車えび、ウニ、漬けマグロ Tiger prawns, sea urchin, marinated tuna

Kuruma ebi, or tiger prawn, was on point but not surprising. Uni (sea urchin) was alright. It was the akami zuke or marinated tuna that surprised us for its deep flavours and texture. Fresh is not always the way to go, and as they say, “Old is gold.”
穴子 Conger eel

The last piece of sushi was anago 穴子, or conger eel. As it was served alone, I finally got a close look at the shari 酢飯. The shari, aka sushi-meshi, was served slightly warm, which is good, and should be flavourful and complex, with elements of sourness (suppai) from the vinegar, but also some amai (sweetness) – either from using a little bit of sugar, or from the natural sweetness of akasu (red sake lees vinegar). It should have a visible lustre and sheen (tsuya). They have proper shari, but I find it disintegrates too quickly so it failed in the nebari section.
鉄火巻 Tuna roll

I never feel full until I have my tekkamaki 鉄火巻, or tuna roll.

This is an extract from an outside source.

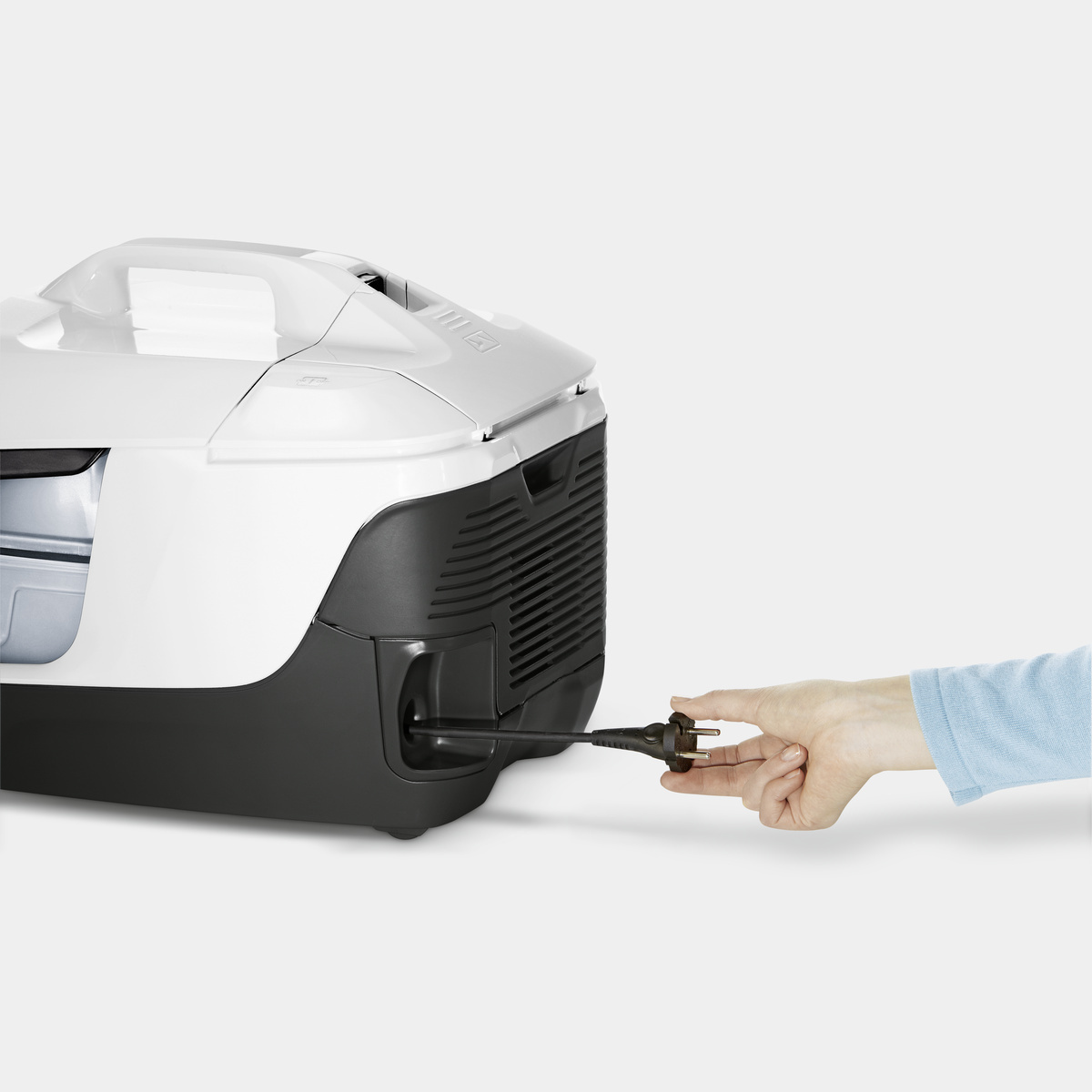 Kärcher Staubsauger mit Wasserfilter Kabelaufwicklung Kärcher Staubsauger mit Wasserfilter Kabelaufwicklung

And tonight was no different. I didn’t expect their tekkamaki to be so long.
お椀 Misoshiru

Nothing fantastic about their misoshiru, which is quite disappointing for me, except that it was boiled with shijimi しじみ, or small freshwater clams.
玉子焼き、黒蜜 Egg custard, brown sugar syrup

I rather that they gave us some fruits, the egg custard was not something I liked. And yes, there was no tamago castellan or roll served this evening.

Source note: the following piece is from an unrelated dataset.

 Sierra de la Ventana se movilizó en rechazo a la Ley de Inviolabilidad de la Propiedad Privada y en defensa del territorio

I chose this sushi restaurant because there was a private room that can seat my party of 10 people. For the price we paid per pax, it was not the best value-for-money as the ingredients were normal, not the crazy stuff. But this is Ginza, so nothing is really that affordable. Not that I would return anytime soon.
Sushi Tomi 鮨 冨味
8-7-19, Ginza, Chuo-ku, Tokyo, 104-0061
〒104-0061 東京都中央区銀座8-7-19 すずりゅうビル 2F
Tel : +81-3-6263-9190 (Reservations)
Visited Mar 2025
PS: I have a hunch that this sushi-ya is not owned by Japanese, or the chefs are not Japanese. They are mostly from Northeastern China and invested in this restaurant to get their residency in Japan. The calligraphy in the rooms are Chinese, and the sushi served makes me feel that I am back in Shenzhen. I could be wrong, I welcome the owners or someone to come and fact check this by leaving a comment.